Można się śmiać, że jeśli chce się wydobyć to, co najlepsze z piłkarzy Realu, to wystarczy pogrozić zwolnieniem Zinedine’a Zidane’a. Za każdym razem, gdy po serii słabych spotkań przyszłość Francuza staje pod znakiem zapytania, piłkarze Królewskich przypominają sobie, że dalej mogą ograć każdego. Tak było w grudniu, gdy Los Blancos po kilkutygodniowym kryzysie ograli Sevillę (1:0), Borussię Mönchengladbach (2:0) i Atletico (2:0), tak też jest teraz. Po porażce w półfinale Superpucharu Hiszpanii (1:2 z Athletikiem) i klęsce w Copa del Rey z trzecioligowym Alcoyano (1:2 po dogrywce) Zizou musiał odpowiadać na pytania, czy nie planuje podawać się do dymisji. Reakcją zawodników był pewny triumf z Deportivo Alaves (4:1), któremu zepsuli obchody setnej rocznicy istnienia.
Weterani prowadzą Real, Królewscy pewnie ograli Alaves
Gospodarze początkowo walczyli, ale kompletnie zgaśli po kwadransie, gdy gola na 1:0 strzelił Casemiro. Real grał pewnie. A do zwycięstwa poprowadzili go weterani. W środku pola znowu rządzili Toni Kroos z Luką Modriciem, w ataku skutecznością błyszczał Karim Benzema, a gola strzelił nawet Eden Hazard, który zrobił krok w kierunku odpięcia łatki fatalnego transferu przypiętej mu przez Hiszpanów. Królewscy imponowali pressingiem, znowu można było zobaczyć ruch bez piłki, a w ofensywie rywalom urywał się Ferland Mendy. – Realowi gra się dobrze, gdy rywal zostawia dużo miejsca – podsumowywał w radiu Cadena COPE legendarny snajper Fernando Morientes.
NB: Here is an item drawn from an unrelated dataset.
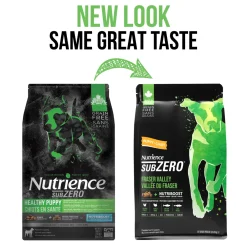 Online Grain Free Puppy Food SubZero Fraser Valley Food Dry, Wet, Freeze Dried, Etc.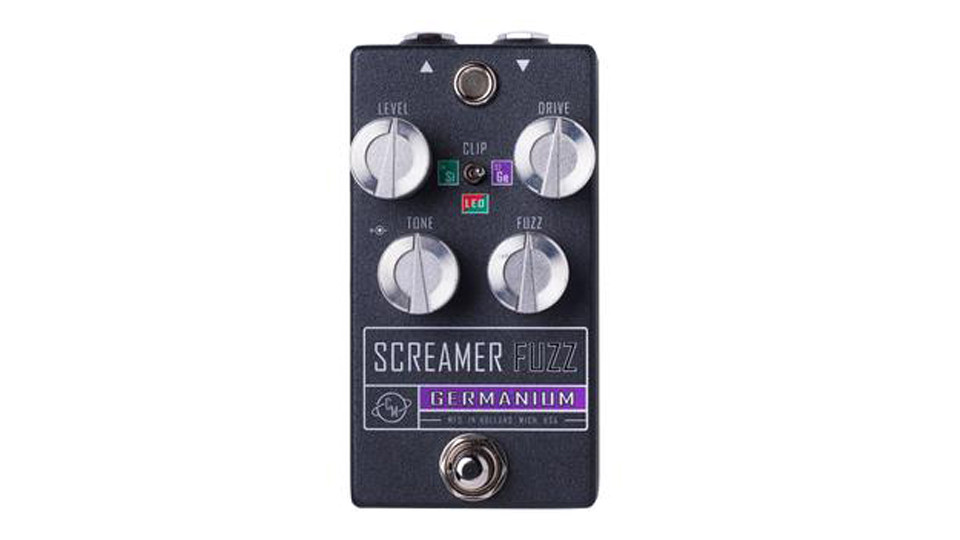 Screamer Fuzz Germanium Review | Cusack Music | Guitar Effects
Co zrobić, by piłkarzom Realu chciało się częściej?
Efektowne zwycięstwo przynajmniej na chwilę powinno uciszyć krytykę piłkarzy Realu. W Madrycie tak już jest – pamięć jest krótka i jesteś tak dobry, jak twój ostatni mecz. Los Blancos kupili sobie kilka dni spokoju, jednak w tym sezonie mieli tyle wahań formy, że trudno przewidywać, czy to początek dobrej serii, czy tylko pojedynczy wyskok, tym bardziej, że w ostatnich tygodniach większość prób rotacji kończyła się źle. Tak naprawdę, jedyny daleko idący wniosek godny wyciągnięcia jest taki, że gdy piłkarzom Realu się chce, to są w stanie bez większych problemów ograć każdego. Tylko co zrobić, by chciało im się częściej?